Within such a probability space one can, for two events $E_1, E_2$ in $\mathcal{F}$ define the conditional probability as $\mathbb{P}(E_1|_{E_2})\stackrel{def}{=}\frac{\mathbb{P}(E_1 \cap E_2)}{\mathbb{P}(E_2)}$
Note that:
- this ''conditional probability'' is only defined when $\mathbb{P}$ is defined on $\mathcal{F}$, so we need a probability space to be able to define conditional probabilities.
- A probability space is defined in very general terms (a set $\Omega$, a $\sigma$-algebra $\mathcal{F}$ and a probability measure $\mathbb{P}$), the only requirement is that certain properties should be fulfilled but apart from that these three elements can be ''anything''.
More detail can be found in this link
Bayes' rule holds in any (valid) probability space
From the definition of conditional probability it also holds that $\mathbb{P}(E_2|_{E_1})=\frac{\mathbb{P}(E_2 \cap E_1)}{\mathbb{P}(E_1)}$. And from the two latter equations we find Bayes' rule.

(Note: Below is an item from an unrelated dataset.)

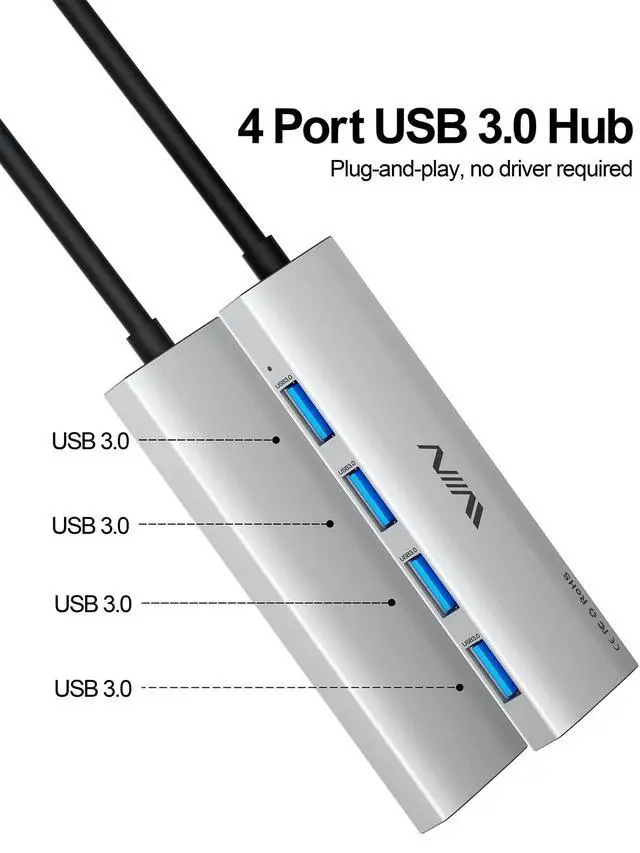 Alt view image 2 of 6 - USB 3.0 Hub, 4 Port USB Hub Splitter, USB A Expander Portable USB Adapter Multiport Data Hub for Laptop, iMac Pro, MacBook Air, Mac mini/Pro, Surface Pro, USB Flash Drives, and Mobile HDD-Sliver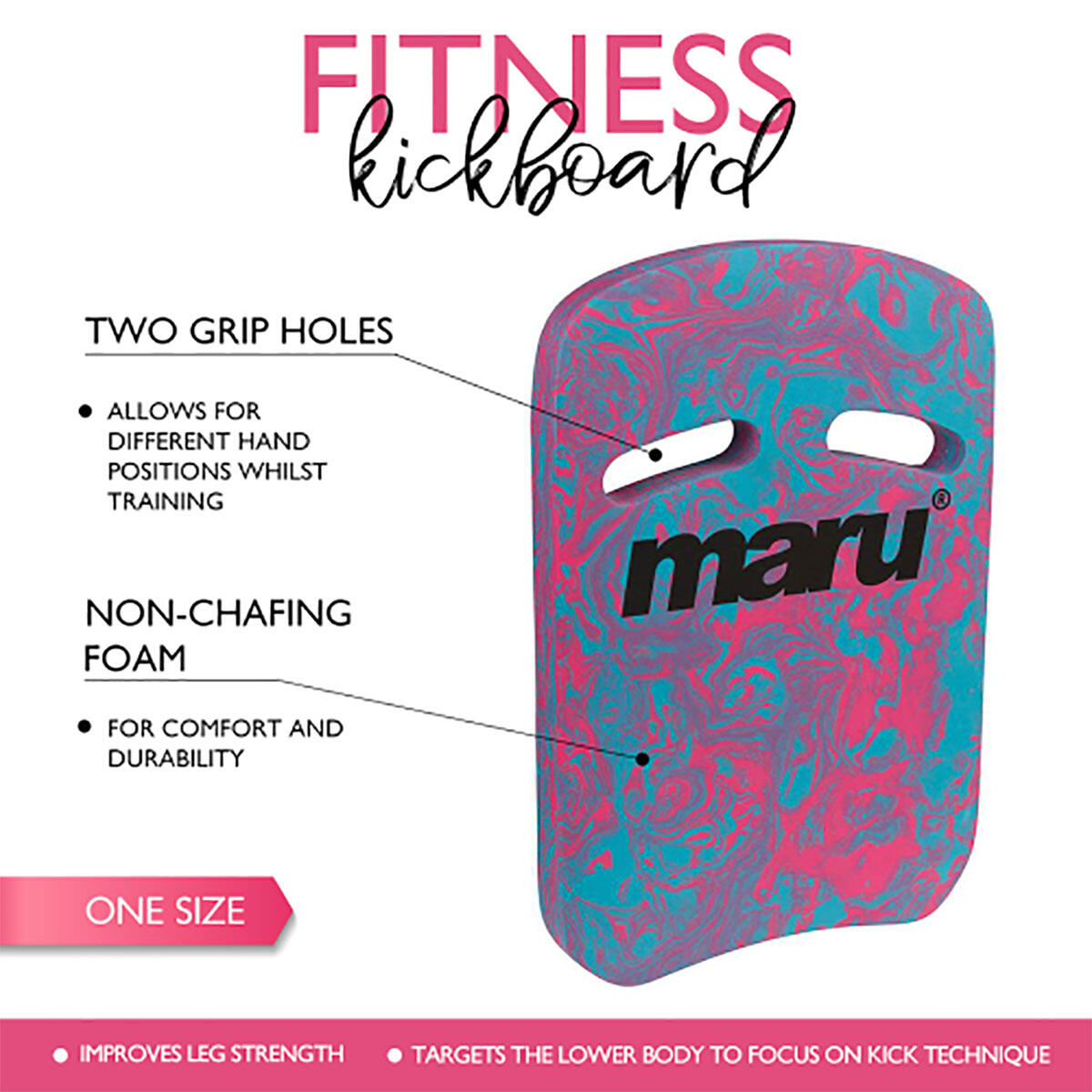 Prancha de Patins Maru Swirl Two Grip - Azul/Rosa 4/5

So Bayes' rule holds (by definition of conditional probabilty) in any probability space (to show it, derive $\mathbb{P}(E_1 \cap E_2)$ and $\mathbb{P}(E_2 \cap E_1)$ from each equation and equate them (they are equal because intersection is commutative)).
As Bayes rule is the basis for Bayesian inference, one can do Bayesian analysis in any valid (i.e. fulfilling all conditions, a.o. Kolmogorov's axioms) probability space.
Frequentist definition of probability is a ''special case''
The above holds ''in general'', i.e. we have no specific $\Omega$, $\mathcal{F}$, $\mathbb{P}$ in mind as long as $\mathcal{F}$ is a $\sigma$-algebra on subsets of $\Omega$ and $\mathbb{P}$ fulfills Kolmogorov's axioms.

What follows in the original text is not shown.